Underlying profit before tax on continuing operations was €37.6 million (2006 – restated: €30.0 million). This increase reflects both the volume growth and improved rental revenue per day, the full year benefit of the restructuring programme and gains on disposal of properties, together with the continuing turnaround of Budget. However, these were partly offset by inflationary cost increases, the higher investment in revenue management and web development capabilities and higher interest charges. Earnings per share on the same basis were 2.9 euro cents (2006 – restated: 2.3 euro cents).
Profit before tax on continuing operations was €33.2 million (2006 – restated: €1.8 million). Earnings per share on the same basis were 1.6 euro cents (2006 – restated: loss per share 0.2 euro cents).
Profit before tax including the discontinued operation was €19.7 million (2006 – restated: €7.2 million). This is stated after a net exceptional charge before tax of €22.8 million and certain re-measurement items and economic hedging gains of €2.5 million. Exceptional items represent primarily the goodwill impairment and subsequent loss on the disposal of the operation in Greece and restructuring costs. Earnings per share on the same basis were 0.3 euro cents (2006 – restated: 0.2 euro cents).

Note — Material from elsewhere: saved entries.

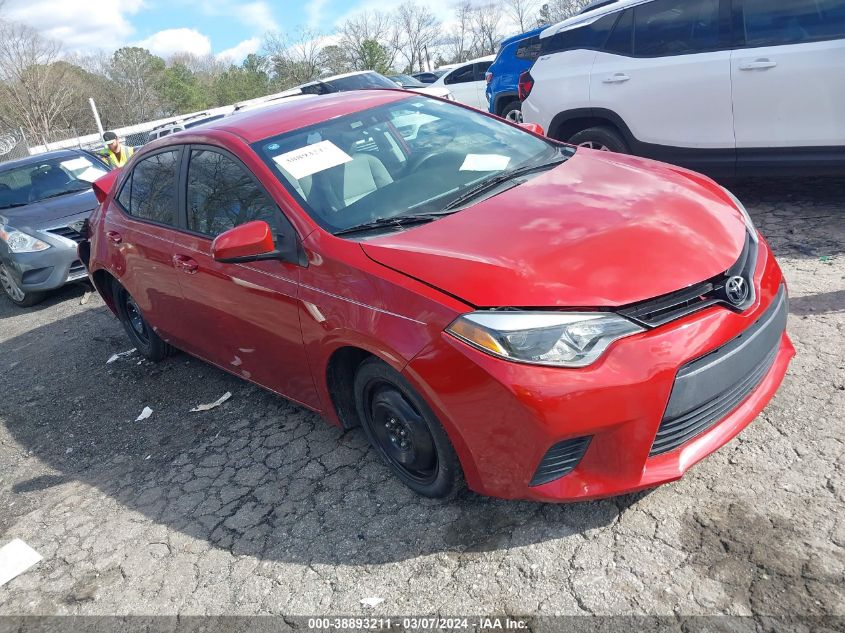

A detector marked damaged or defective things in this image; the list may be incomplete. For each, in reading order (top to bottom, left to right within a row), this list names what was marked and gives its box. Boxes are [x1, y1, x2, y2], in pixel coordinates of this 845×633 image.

cracked asphalt [0, 177, 840, 616]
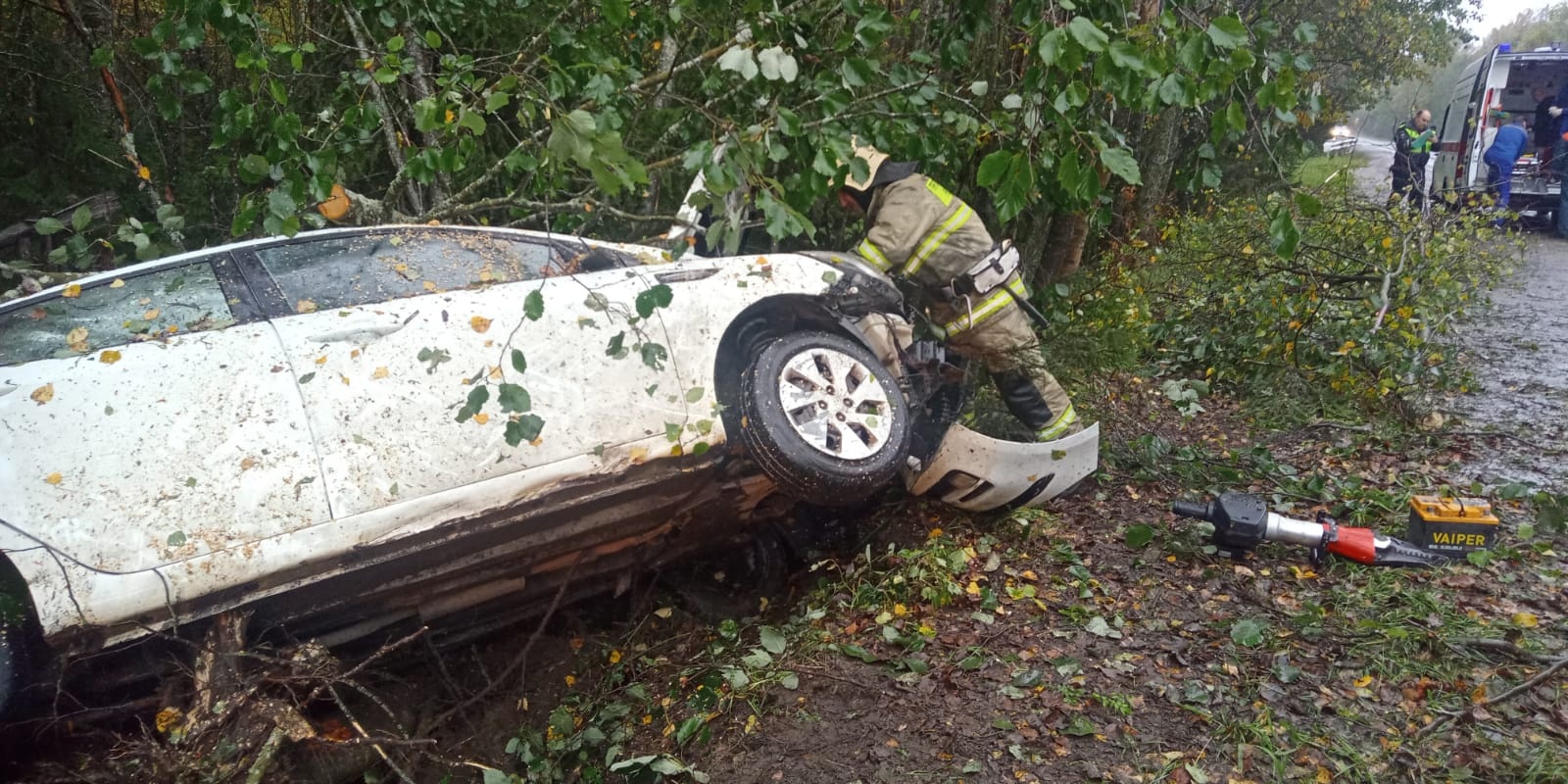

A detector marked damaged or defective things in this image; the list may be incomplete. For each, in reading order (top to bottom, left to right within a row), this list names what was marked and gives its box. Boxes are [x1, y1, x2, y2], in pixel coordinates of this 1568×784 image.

crushed car door [0, 255, 325, 572]
crushed car door [248, 226, 706, 521]
overturned white car [0, 223, 1098, 713]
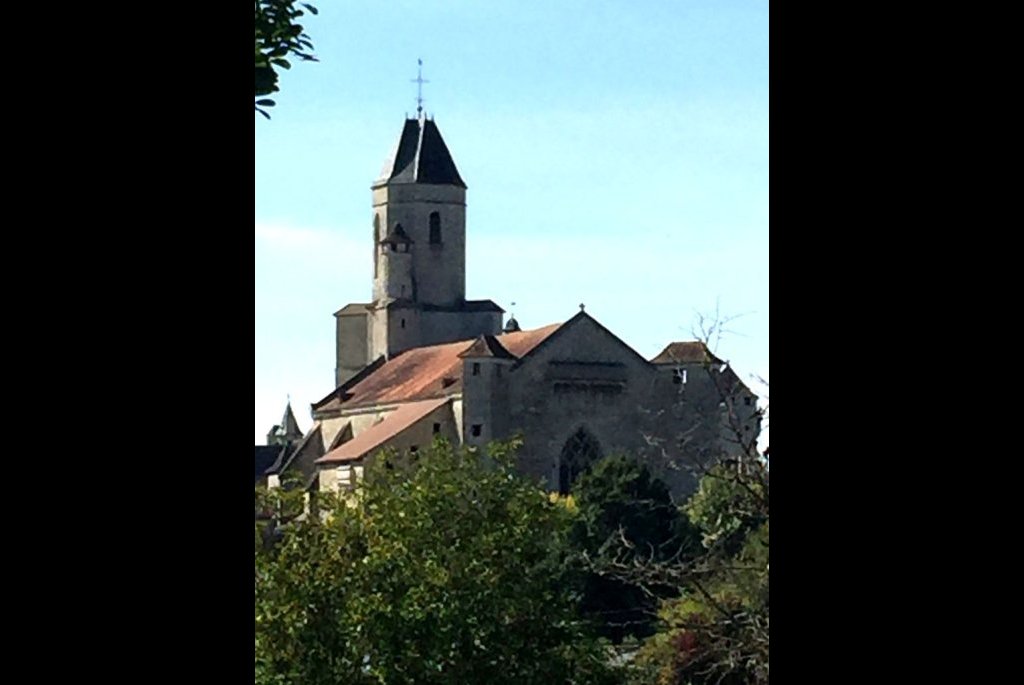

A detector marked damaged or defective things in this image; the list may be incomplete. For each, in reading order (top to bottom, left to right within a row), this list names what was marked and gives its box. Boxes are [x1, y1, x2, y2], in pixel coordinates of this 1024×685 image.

rusty red roof [314, 322, 560, 412]
rusty red roof [318, 396, 450, 464]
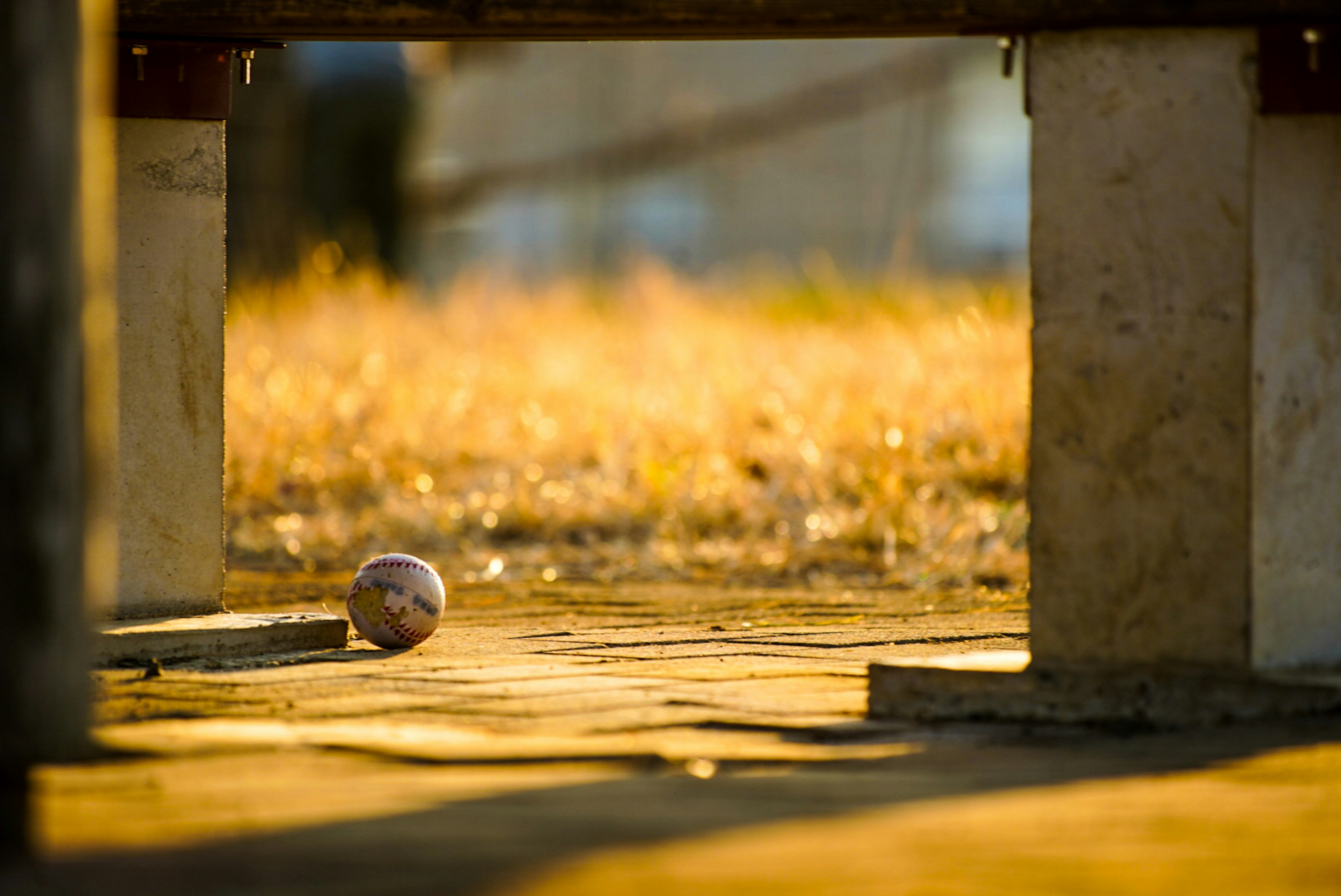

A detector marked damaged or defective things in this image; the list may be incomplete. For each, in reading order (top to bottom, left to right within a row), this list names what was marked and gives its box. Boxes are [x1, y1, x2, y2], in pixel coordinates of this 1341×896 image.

rusty metal bracket [117, 37, 284, 120]
rusty metal bracket [1255, 24, 1341, 115]
cracked concrete ground [16, 582, 1341, 896]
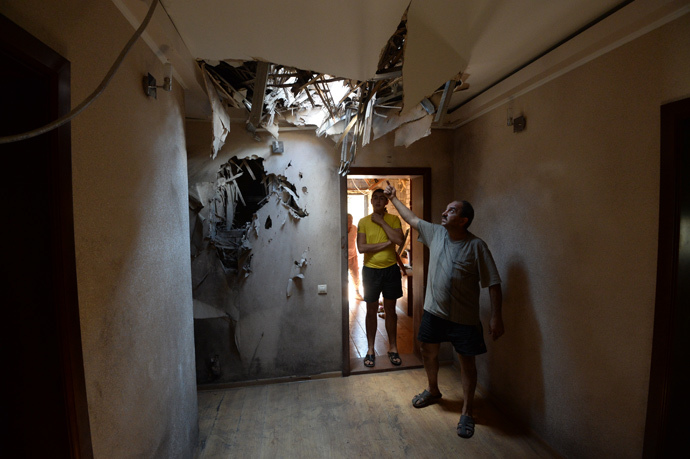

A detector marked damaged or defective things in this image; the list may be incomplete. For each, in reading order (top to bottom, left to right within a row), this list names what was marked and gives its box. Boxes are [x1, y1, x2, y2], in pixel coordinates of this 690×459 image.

damaged wall [1, 1, 199, 458]
damaged wall [185, 121, 454, 384]
damaged wall [452, 13, 688, 459]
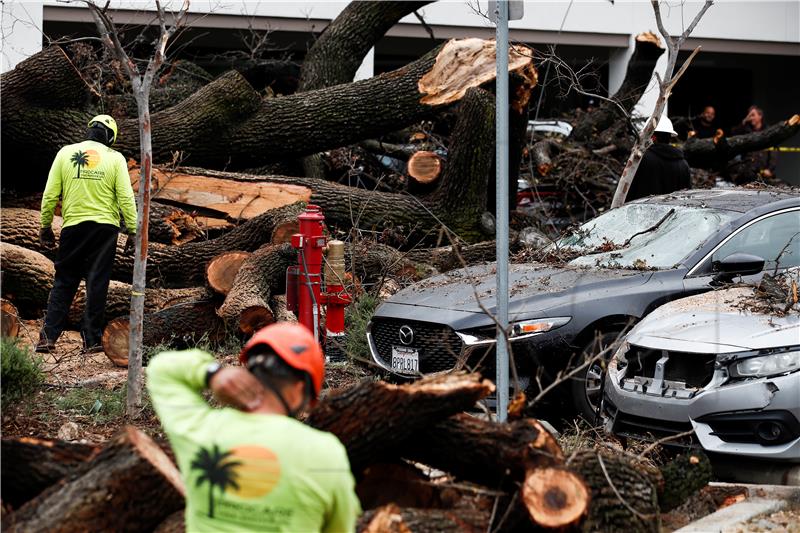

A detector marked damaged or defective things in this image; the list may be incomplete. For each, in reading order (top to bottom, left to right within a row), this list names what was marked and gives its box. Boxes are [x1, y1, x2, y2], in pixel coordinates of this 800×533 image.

shattered windshield [556, 204, 736, 270]
damaged car hood [382, 260, 648, 318]
damaged car hood [628, 286, 796, 354]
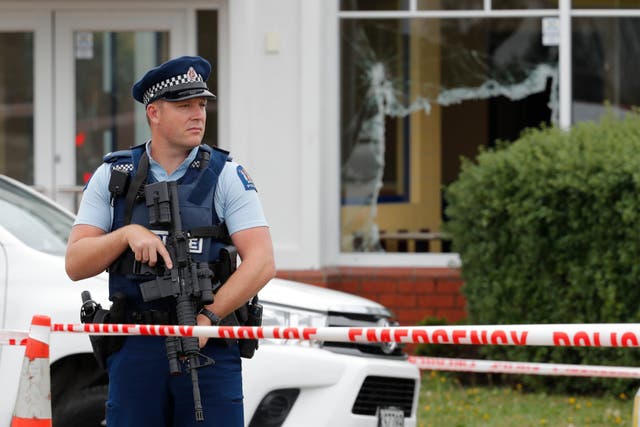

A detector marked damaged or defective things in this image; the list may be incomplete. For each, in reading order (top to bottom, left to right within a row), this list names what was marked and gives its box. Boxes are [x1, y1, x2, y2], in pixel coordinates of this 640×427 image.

shattered glass [342, 18, 556, 252]
broken window [342, 18, 556, 254]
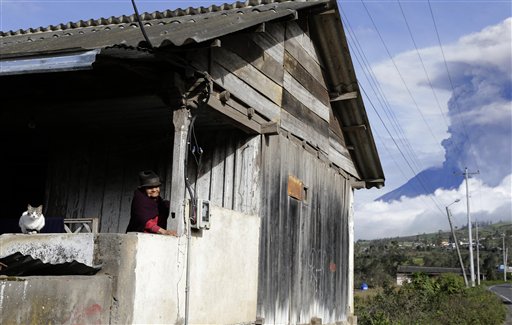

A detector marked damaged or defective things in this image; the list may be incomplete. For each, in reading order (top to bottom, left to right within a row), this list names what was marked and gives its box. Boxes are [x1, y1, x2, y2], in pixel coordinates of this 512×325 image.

rusty metal roof edge [0, 0, 328, 36]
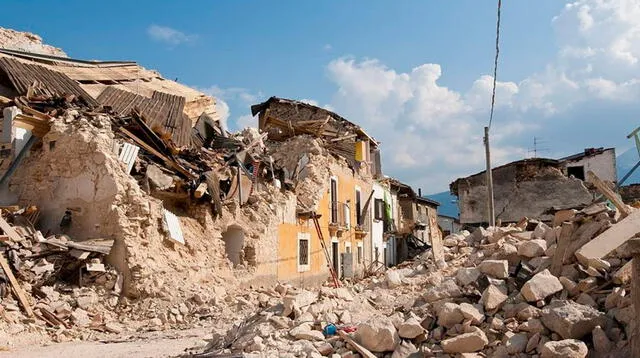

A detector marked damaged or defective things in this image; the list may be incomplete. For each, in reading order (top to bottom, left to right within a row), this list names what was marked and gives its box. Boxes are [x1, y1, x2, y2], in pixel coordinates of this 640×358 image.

broken roof [251, 96, 380, 147]
broken doorway [221, 227, 244, 266]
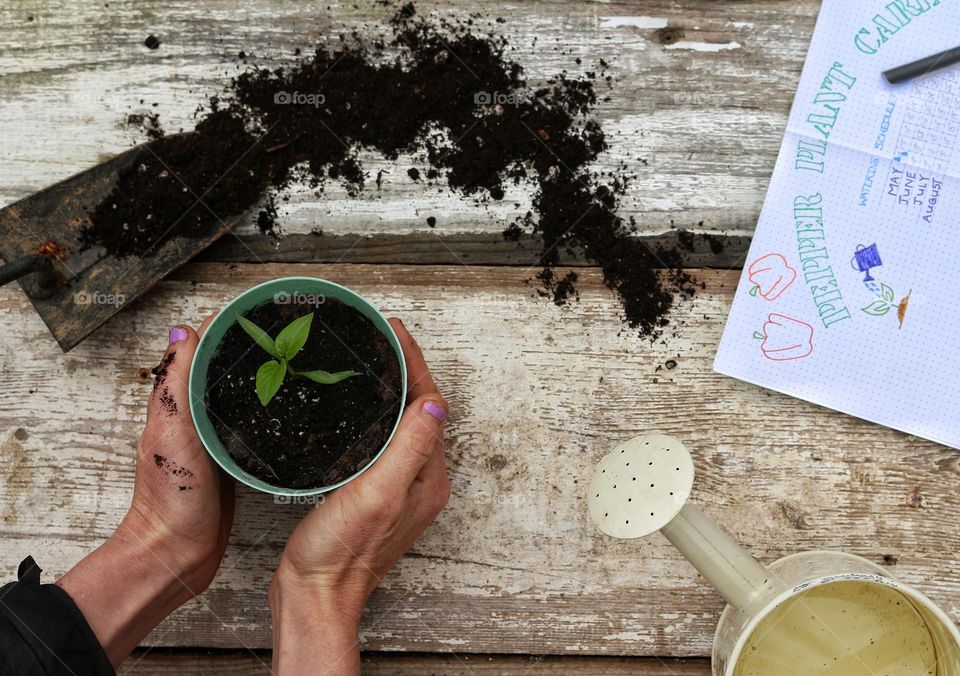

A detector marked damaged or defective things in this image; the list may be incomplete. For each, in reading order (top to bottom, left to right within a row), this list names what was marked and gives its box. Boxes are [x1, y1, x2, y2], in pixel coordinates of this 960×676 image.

rusty garden trowel [0, 135, 251, 352]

As announced earlier in the year, the Group identified a malpractice in Portugal that resulted in a restatement of the prior year comparative results. As previously reported, the adjustment resulted in a reduction to the comparative underlying profit before tax of €3.5 million.
Dividends
In line with recent previous statements, and in view of the continued difficult trading environment, the Board has not recommended payment of a dividend for the year ended 31 December 2007. The Board’s intention is to recommence the payment of dividends when the financial and trading position of the Group allows.
Outlook
Looking ahead to 2008, we are now more cautious in view of the weakening economic environment. We expect to make continued progress with the turnaround of the Group. However, our planning assumptions, reflecting recent trading conditions, are for continued volume growth, but with rental rate per day now improving less than previously expected. We continue to maintain tight control of cost and plan to make continued improvements in key efficiency measures, particularly vehicle utilisation.
Strategic development
We continue to make good progress in improving the results of the business. An initial review of the strategy has been undertaken by Pascal Bazin, following his appointment as the new Group Chief Executive on 1 January 2008. Whilst the main elements of the strategy will remain unchanged, we will continue to evolve the strategy to deliver the turnaround in the Group’s results and will now be placing more emphasis on the areas outlined in the strategy section of the Business Review. In addition, we will be adopting a stronger operational approach, with more emphasis on delivery, accountability and implementation, as well as on accelerating benefits from recent investment in initiatives.
Employees and Directors
I would like to welcome Pascal Bazin, who was appointed as Group Chief Executive from 1 January 2008, replacing Murray Hennessy. After three and a half years Murray and the Board agreed that it was the right time to pass the leadership of the Group to someone who would take the business to the next stage of its development. On behalf of the Board, I would like to thank Murray for his significant contribution. He developed the Group’s recovery strategy and positioned the Group for a return to profitable growth despite a backdrop of difficult markets.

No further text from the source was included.